Splunk Cloud Platform

Getting Data In

Configure event line breaking

Some events consist of more than one line. The Splunk platform handles most multiline events correctly by default. If you have multiline events that the Splunk platform doesn't handle properly, you can configure it to change its line breaking behavior.

If you use Splunk Cloud Platform, you can do the following:

  • Forward any data where you need to configure event line breaking, because there is no way to configure event line breaking in the Splunk Web interface. You can use a heavy forwarder to break incoming data into lines and subsequently merge them as you want into events prior to sending data to your Splunk Cloud Platform instance.
  • If you have access to the Edge Processor solution, you can use Edge Processors to configure event line breaking, see Using source types to break and merge data in Edge Processors and About the Edge Processor solution in the Splunk Use Edge Processors manual.

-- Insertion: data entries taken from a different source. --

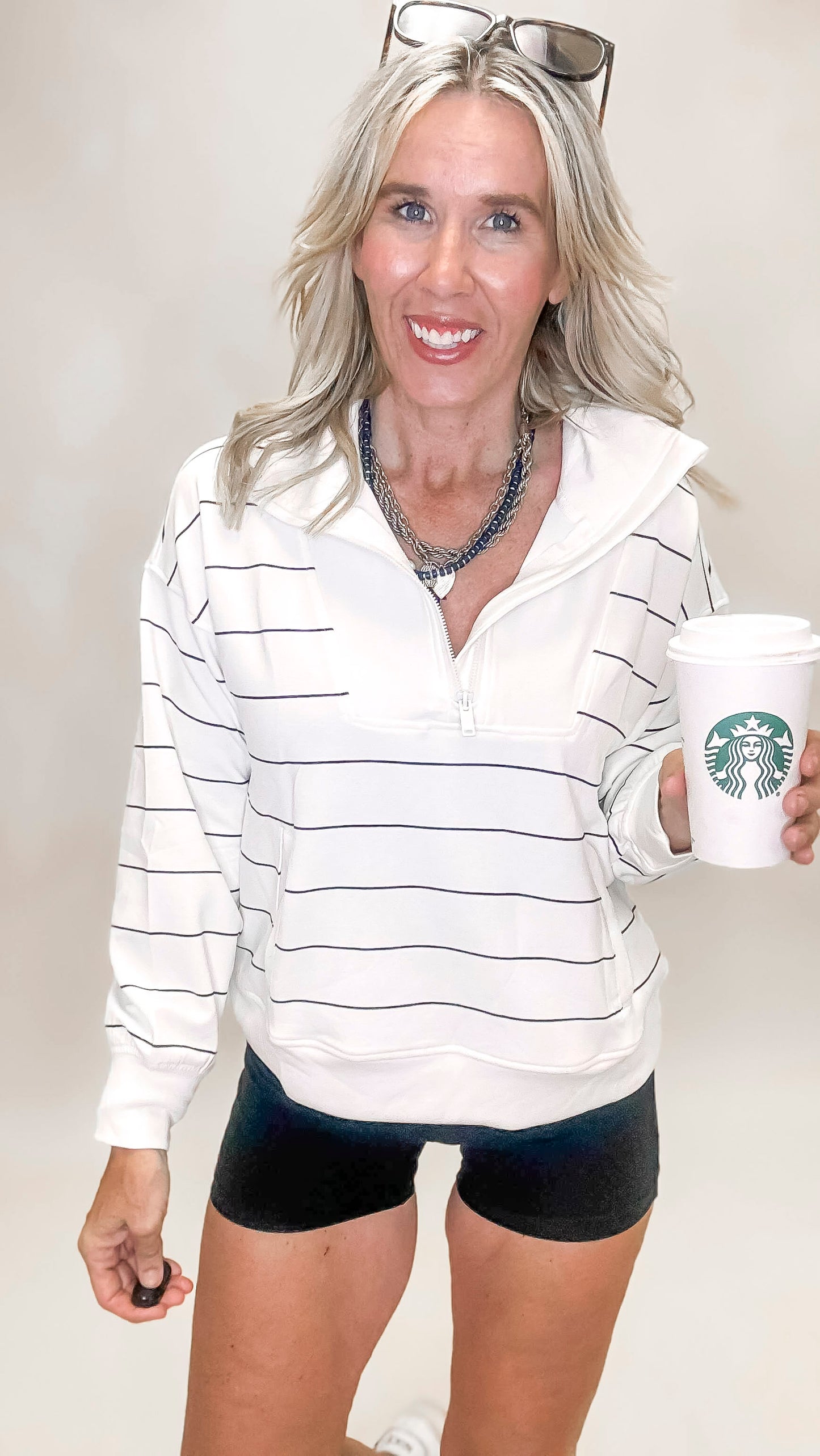 White and black striped mock neck pullover with zip-up detail and relaxed fit for casual-chic style.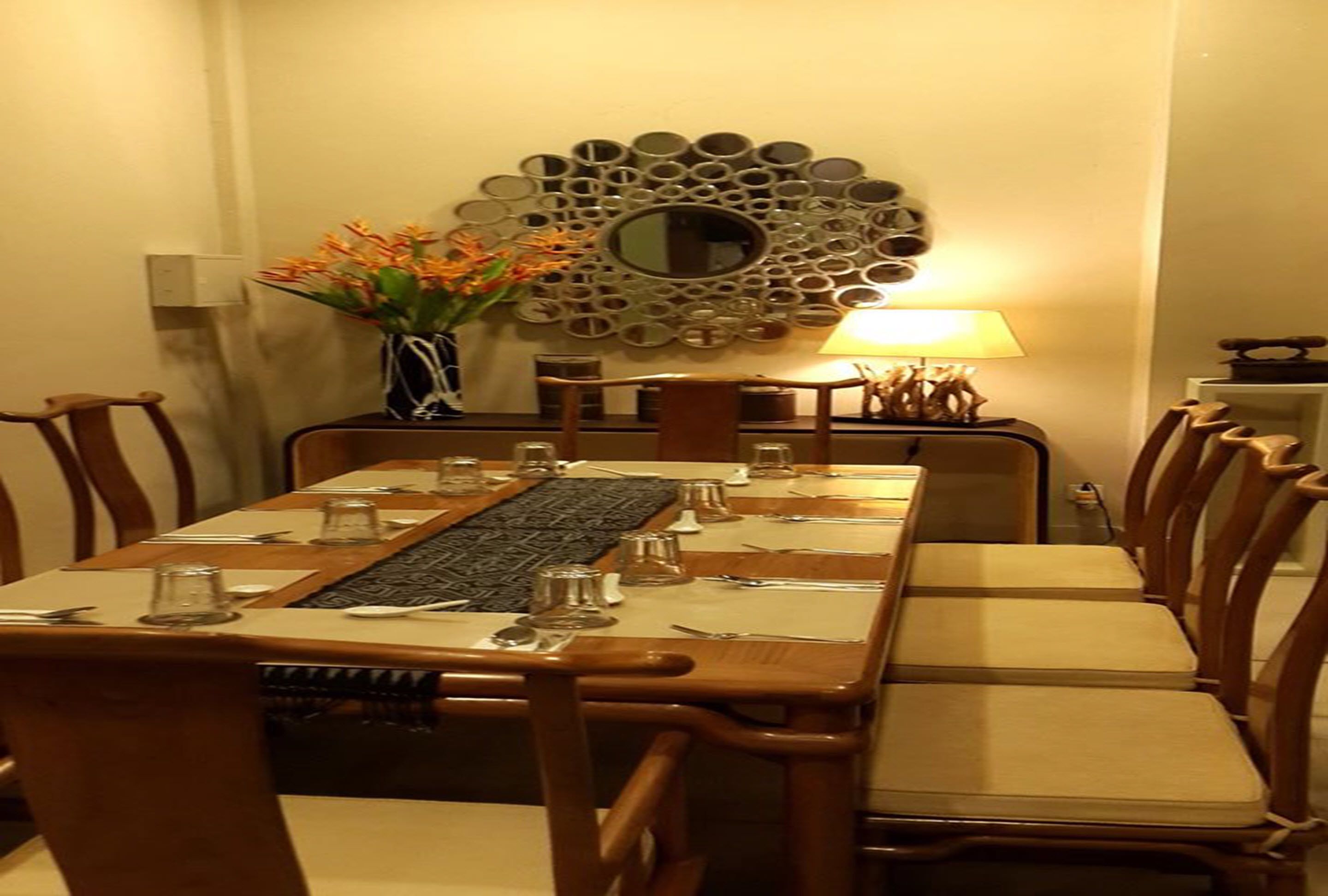 A dining area with a long table set for six, surrounded by wooden chairs with cushioned seats. A decorative mirror and a vase with flowers are on the wall behind the table.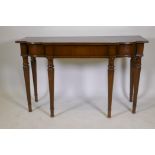 A Georgian style mahogany breakfront serving table, with frieze drawer and raised on fluted
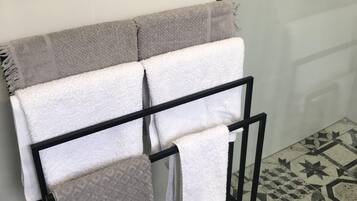 A bathroom with a towel rack holding multiple towels, a patterned floor, and a glass shower door.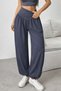 Women's high-waisted, wide-leg viscose pants with drawstring waist and pockets.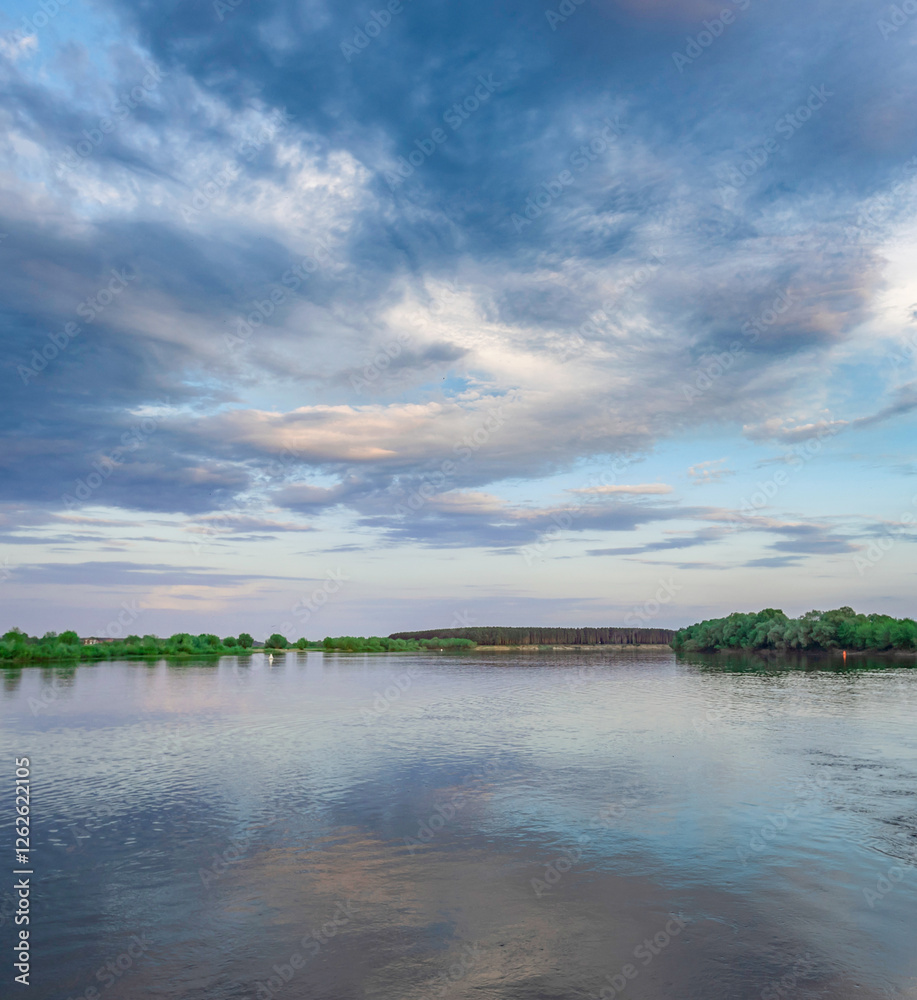 Fototapeta premium Calm lake with a cloudy sky in the background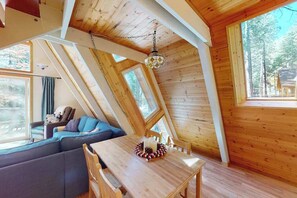 Ein Blockhaus-Interieur mit Esstisch, Sofa und einer Pendelleuchte.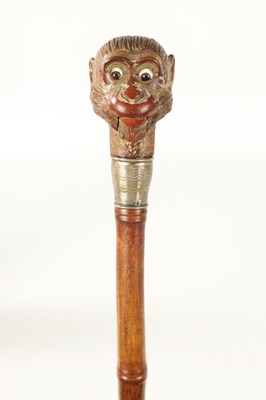 Lot 398 - A LATE 19TH CENTURY NOVELTY WALKING STICK FORMED AS A MONKEY HEAD WITH AUTOMATON EYES AND MOUTH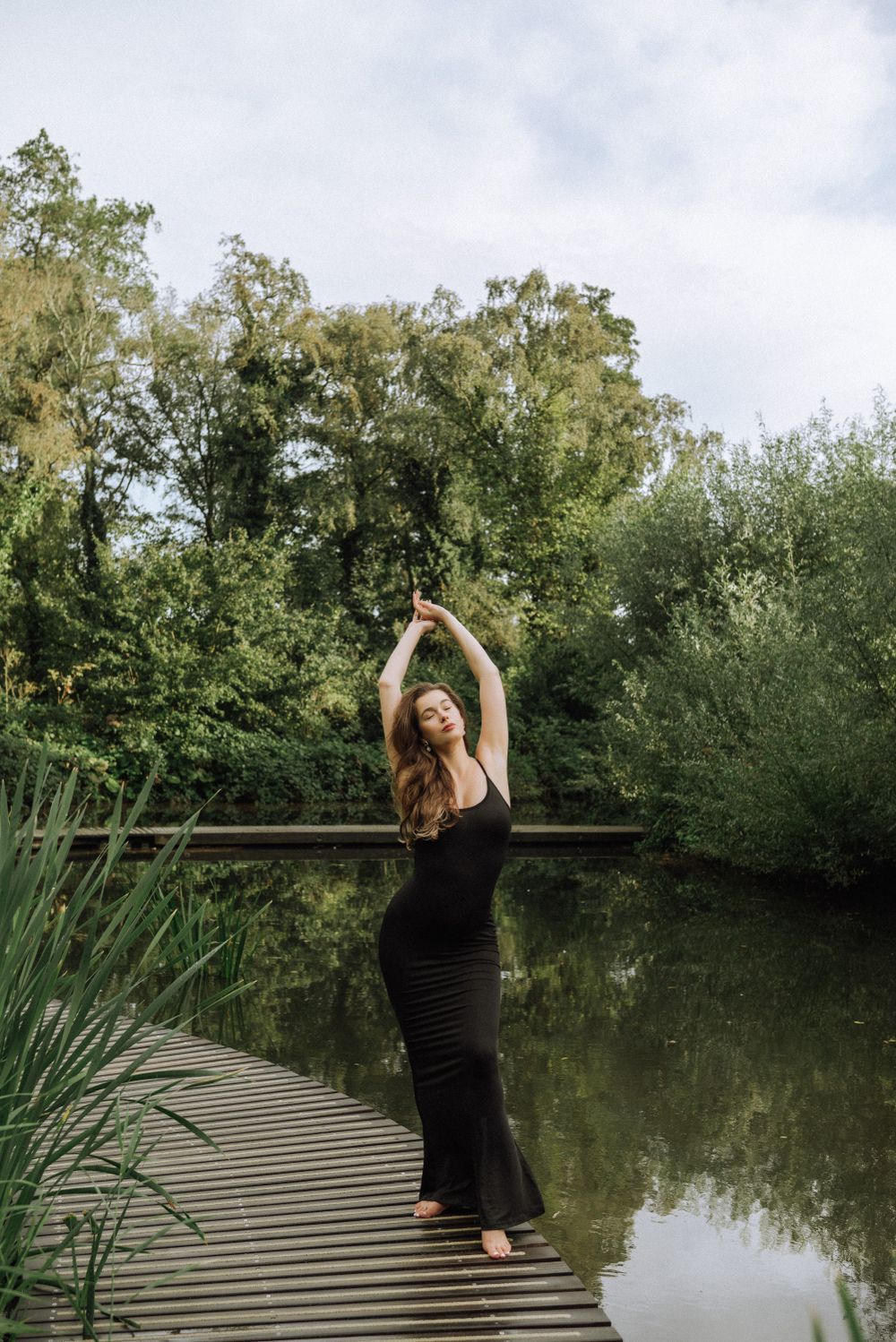 Expressive dance pose on a wooden dock by a tranquil pond surrounded by trees.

If you use Splunk Enterprise, you can configure the settings and follow the procedures in this topic on any instance that indexes the incoming data stream.

How the Splunk platform determines event boundaries

The Splunk platform determines event boundaries in two phases:

  1. Line breaking, which uses the LINE_BREAKER setting to split the incoming stream of data into separate lines. By default, the LINE_BREAKER value is any sequence of newlines and carriage returns. In regular expression format, this is represented as the following string: ([\r\n]+). You don't normally need to adjust this setting, but in cases where it's necessary, you must configure it in the props.conf configuration file on the forwarder that sends the data to Splunk Cloud Platform or a Splunk Enterprise indexer. The LINE_BREAKER setting expects a value in regular expression format.
  2. Line merging, which uses the SHOULD_LINEMERGE setting to merge previously separated lines into events. By default, the Splunk platform performs line merging, and the value for SHOULD_LINEMERGE is true. You don't normally need to adjust this setting, but in cases where it is necessary, you must configure this setting in the props.conf configuration file on the forwarder that sends the data to Splunk Cloud Platform. If you configure the Splunk platform to not perform line merging by setting the SHOULD_LINEMERGE attribute to false, then the platform splits the incoming data into lines according to what the LINE_BREAKER setting determines.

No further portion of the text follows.